【9月14日 AFP】ビグディス・フィンボガドッティル(Vigdis Finnbogadottir)氏(90)がアイスランドの大統領に就任した1980年8月1日、同氏は世界で初めて女性として民主的に選出された国家元首の歴史をつくった。そして40年たった今も、アイスランド人にとって模範的な存在であり続けている。

 元教師で舞台監督でもあったフィンボガドッティル氏は、3期連続当選を果たし、16年続けて大統領を務めた。ドイツのアンゲラ・メルケル(Angela Merkel)首相は来年、その記録と並ぶことになるが、フィンボガドッティル氏は国と政府を代表する女性として選出された記録を保持している。

「彼女はわれわれ全員に道を開いた」とアイスランドのカトリン・ヤコブスドッティル(Katrin Jakobsdottir)現首相はAFPに語った。

「私はビグディス氏が大統領を務めた時代に育った。
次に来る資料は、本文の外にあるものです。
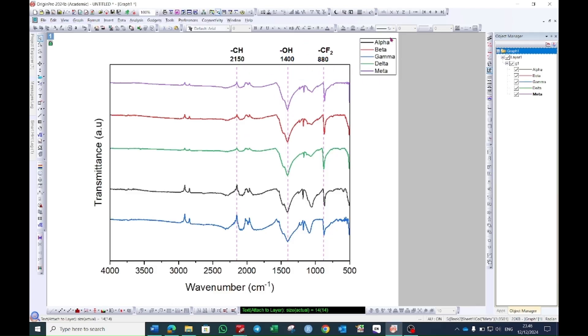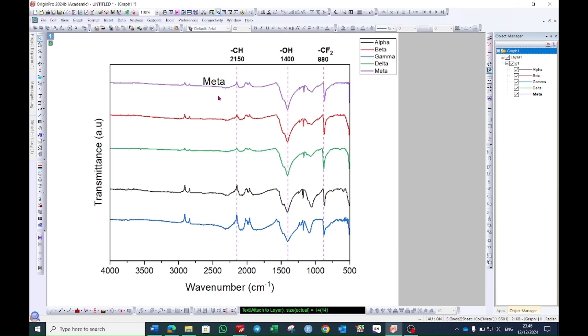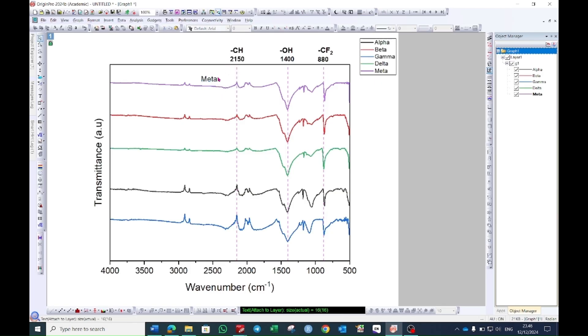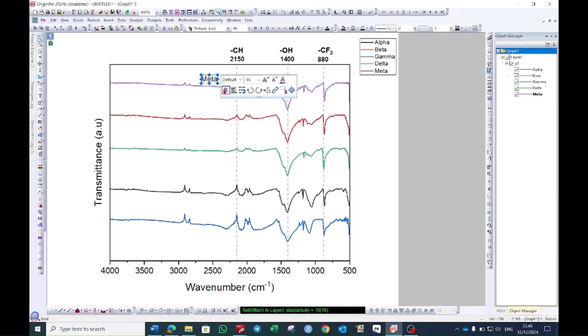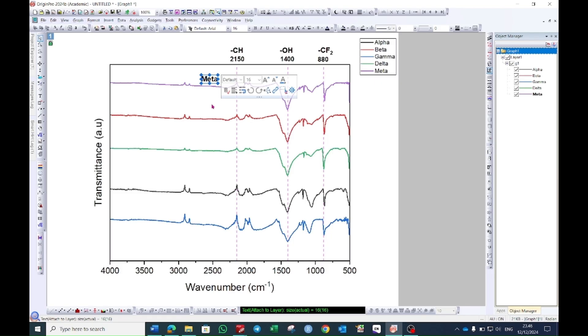Suppose you don't want this legend but you want the names here. You can select this text box again and click on this line and then you can give the name and you can change the size again. Suppose you are okay with this one. You can also make it bold. Suppose you are okay with this one then you can select this one and press ctrl c and ctrl v and bring it down.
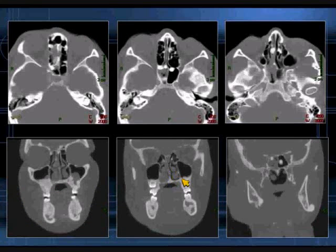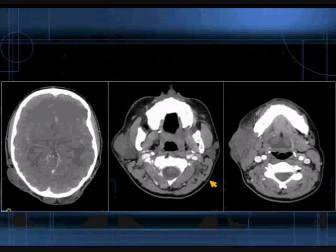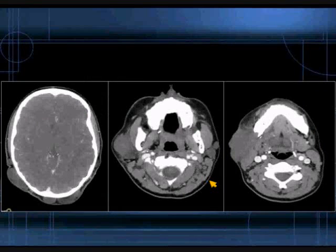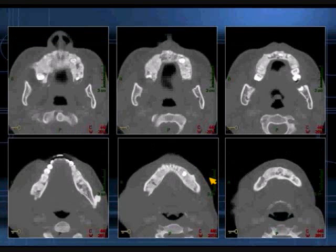Here are some representative axial as well as the generated coronal reconstructed images. And here are some images from the patient's head and neck CT examination, with more axial sections of the lower mid-face.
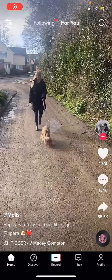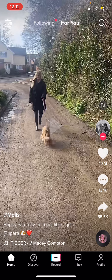Hey guys and welcome back to the Tutorial Millennial channel. In this video I'm going to be showing you guys how you can select a part of your TikTok video for the cover of that video.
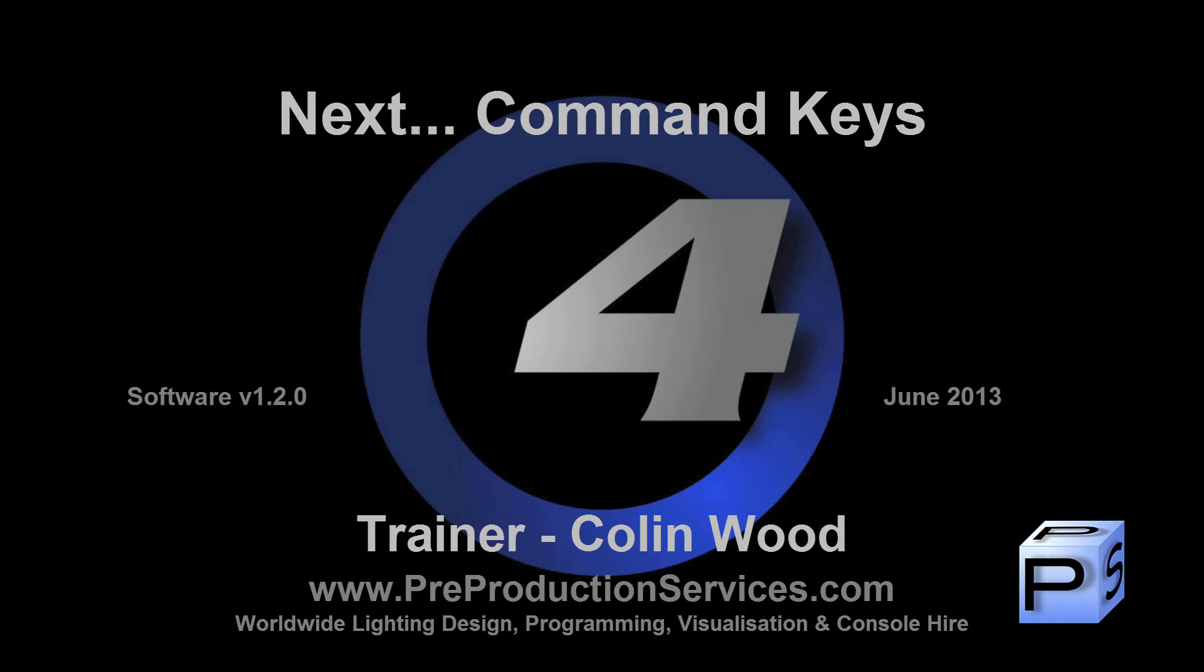In the next tutorial, we shall take a look at another function of these user keys, command keys. Thank you for watching.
私の6歳のめいに『男の人も大統領になれるの?』と尋ねられたときに、ビグディス氏の影響力を心から実感した」とヤコブスドッティル氏は付け加えた。

 スリランカのシリマボ・バンダラナイケ(Sirimavo Bandaranaike)氏、インドのインディラ・ガンジー(Indira Gandhi)氏、イスラエルのゴルダ・メイア(Golda Meir)氏、英国のマーガレット・サッチャー(Margaret Thatcher)氏はフィンボガドッティル氏よりも前に権力の座に就いているが、その全員が首相としてだった。

「ビグディス」氏の選出──アイスランド人はたとえ相手が国家元首でもファーストネームで呼ぶ習慣がある──は、同国で起こった女性の権利に関する、ある記念すべき出来事に続くものだった。

 1975年10月、同国の女性の90%が、経済と社会における女性の役割への認識を深めるよう訴えるために労働を停止し、歴史的な「女性のストライキ」を起こした。

 フィンボガドッティル氏が大統領になったときは、女性国会議員の割合は全体のわずか5%にすぎなかった。だが、これ以降、アイスランドは急速に変化を続け、男女格差(ジェンダーギャップ)に関して世界をリードしている。